この記事は、ESETが運営するマルウェアやセキュリティに関する情報サイト「Welivesecurity」の記事を翻訳したものである。

SIMスワップ詐欺の手口とその対策

SIMスワップ詐欺はますます増加している。テック業界のリーダーを含め、様々な人が詐欺師の標的となり、甚大な損害を受けている。この詐欺に遭ってしまうと、携帯電話番号が乗っ取られてしまい、人生に大きな影響を与えることになりかねない。本稿では、SIMスワップ詐欺に対する理解を深めるべき理由について解説する。

SIMスワップ詐欺の仕組み

SIMスワップ詐欺は、別名「SIMハイジャック」や「SIM分割」とも呼ばれ、一種のアカウント乗っ取り詐欺として知られている。この攻撃を仕掛けるにあたり、攻撃者は標的についてあらゆる方法で情報収集をする。インターネットを検索したり、そのなかでもユーザーが過剰に公開しているごくわずかな情報を見つけ出すなどし、情報をかき集める。また、被害者の個人情報はすでに漏えいした情報からも収集される。あるいは、詐欺師が標的から直接個人情報を盗むフィッシング詐欺や電話を介して誘導するビッシング詐欺といった、ソーシャルエンジニアリングの手法を通じて個人情報が詐取されるケースもある。

十分な情報を手に入れた詐欺師は、標的が契約している携帯電話会社に連絡し、標的になりすますことで顧客サポートの担当者を騙し、標的の電話番号を詐欺師が保有しているSIMカードへ移すよう仕向ける。
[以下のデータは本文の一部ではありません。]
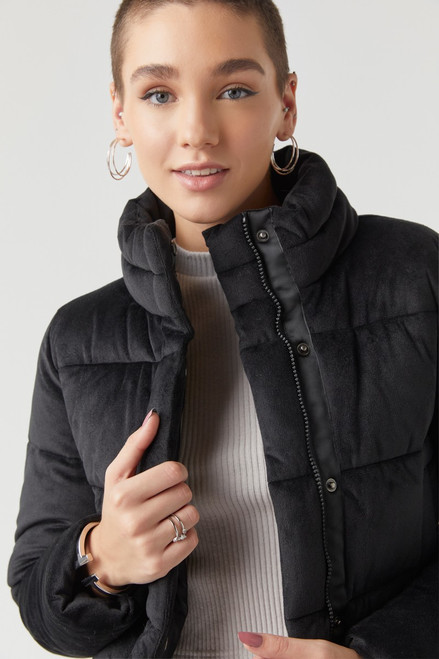 Carlisa Cropped Velvet Puffer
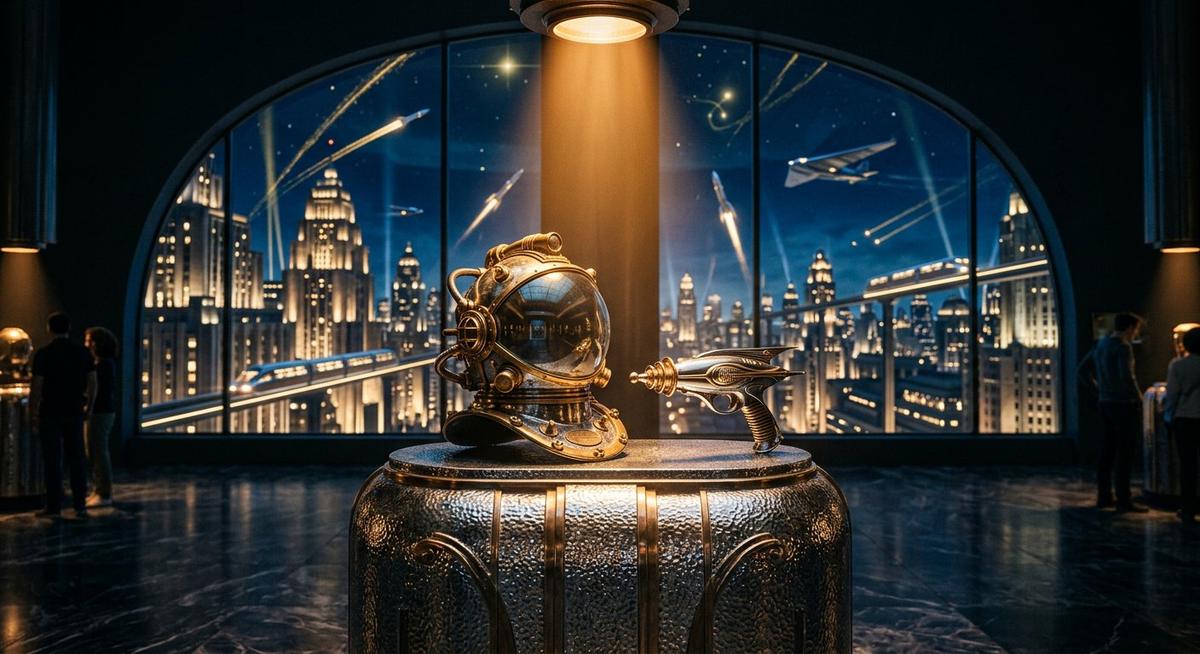 Casque à bulle et pistolet à rayon art déco sur un socle de musée, cité de ziggourats derrière la baie vitrée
その場合の口実の多くは、携帯電話が盗まれたか、失くしたため切り替えが必要になったというものだ。

この手続きが完了すると、被害者はモバイル接続や電話番号が利用できなくなり、さらには被害者にあてられた電話やテキストメッセージを詐欺師が受け取るようになってしまう。

なぜSIMスワップ詐欺がそれほど危険なのか

一般的に、この種の攻撃の狙いは、被害者が保有するいくつかのオンラインアカウントへのアクセスを得ることだ。SIMスワップ詐欺を用いるサイバー犯罪者は、被害者が電話やテキストメッセージを二要素認証(2FA)に使用していることを前提としている。

この場合、被害者のオンライン上での行動や私生活に対し、目に見えない大惨事をもたらす可能性がある。具体的には、銀行口座から預金を全て引き出す、クレジットカードを限度額まで使用する、返済中のローンの支払いを滞らせる、といった被害があり得るだろう。
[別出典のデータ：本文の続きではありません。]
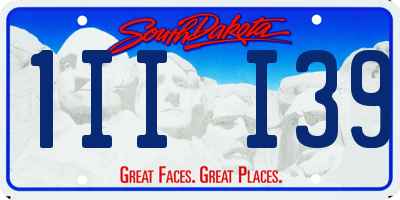 SD license plate 1III39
また攻撃者は、被害者のソーシャルメディアを乗っ取り、プライベートなメッセージや会話をダウンロードすることも可能だ。これらは長きにわたって被害者にダメージを与える可能性がある。さらには、被害者の評判を貶める侮辱的なメッセージを投稿することさえあるのだ。

SIMスワップ詐欺から身を守るには

まず、オンラインでシェアする個人情報を限定し、氏名・住所・電話番号を投稿するのは避けるようにしたい。また、日常生活に関する詳細な情報を公開し過ぎないようにすることも欠かせないだろう。本人確認に用いる秘密の質問に関するヒントを与えてしまう可能性があるからだ。

二要素認証(2FA)に関しては、追加の認証方法として電話とテキストメッセージのみに頼るのは再考の余地がある。代わりに、認証アプリやハードウェアトークンといった認証方法も検討すべきだろう。
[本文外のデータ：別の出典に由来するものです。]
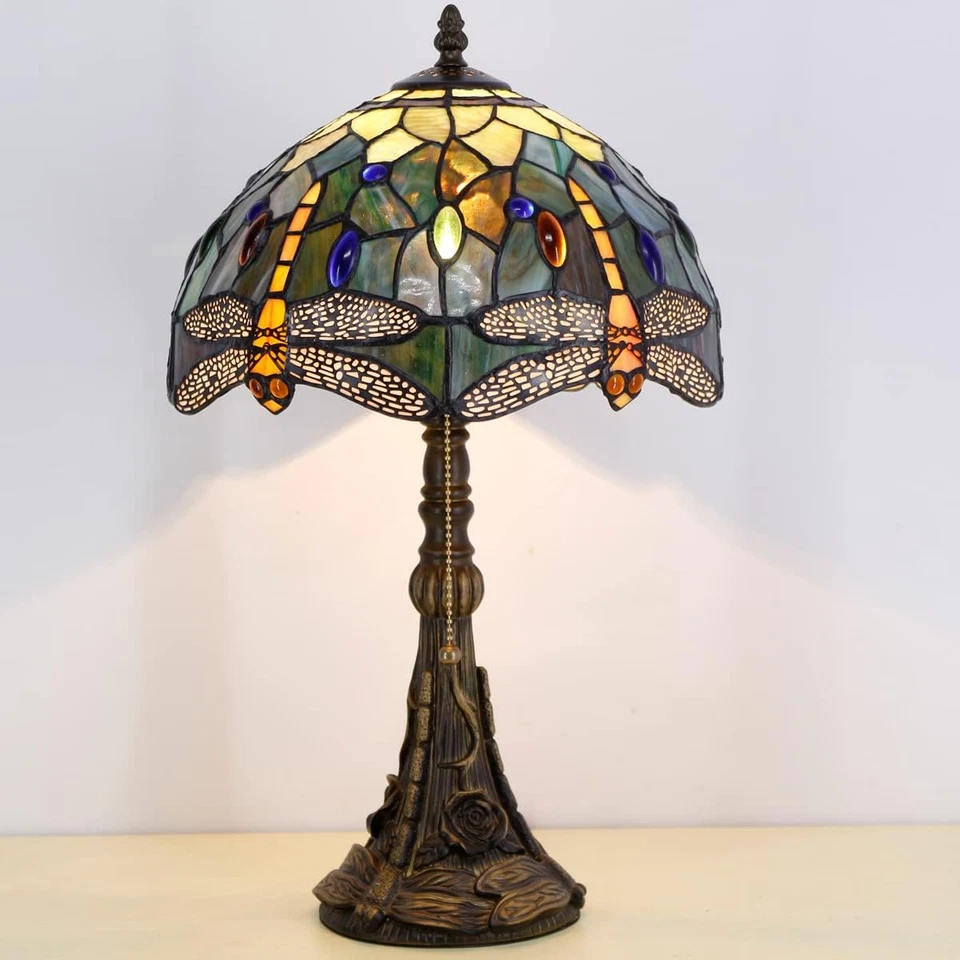 Lámpara de mesa Tiffany lámpara de vitral 12X12X19 pulgadas luz de lectura antigua (ámbar Foto 3 de 4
フィッシングメールは、サイバー攻撃者が機密情報を得るための常套手段だ。信頼できる公共機関に巧みになりすますため、被害者は質問に進んで回答し、メールの信ぴょう性について十分に確認することも少ない。多くのフィッシングメールは迷惑メールフィルターで振り分けられるが、フィッシング詐欺を見抜く方法についても、学んでおくべきだろう。

通信事業者もユーザー保護に向けて取り組んでいる。例えば、ベライゾン社はSIMスワップ詐欺の攻撃から契約者を守るために「ナンバーロック」と呼ばれる機能を導入した。また、AT&T社・T-モバイル社・スプリント社は、追加の認証手段として、PINコード、パスコード、秘密の質問を提供するようになった。このような機能が提供されているかどうか、自分が契約する通信事業者へ確認してみてほしい。

おわりに

SIMスワップ詐欺の脅威は私たちの身の回りに常に存在し、誰でも被害を受ける可能性があるが、身を守る方法もある。本記事に紹介されたいくつかの手法を実行すれば、SIMスワップ詐欺の被害者になる可能性を下げることができる。加えて、銀行や通信事業者に連絡し、アカウントを保護するためのセキュリティサービスがあるか確認してみてはいかがだろうか。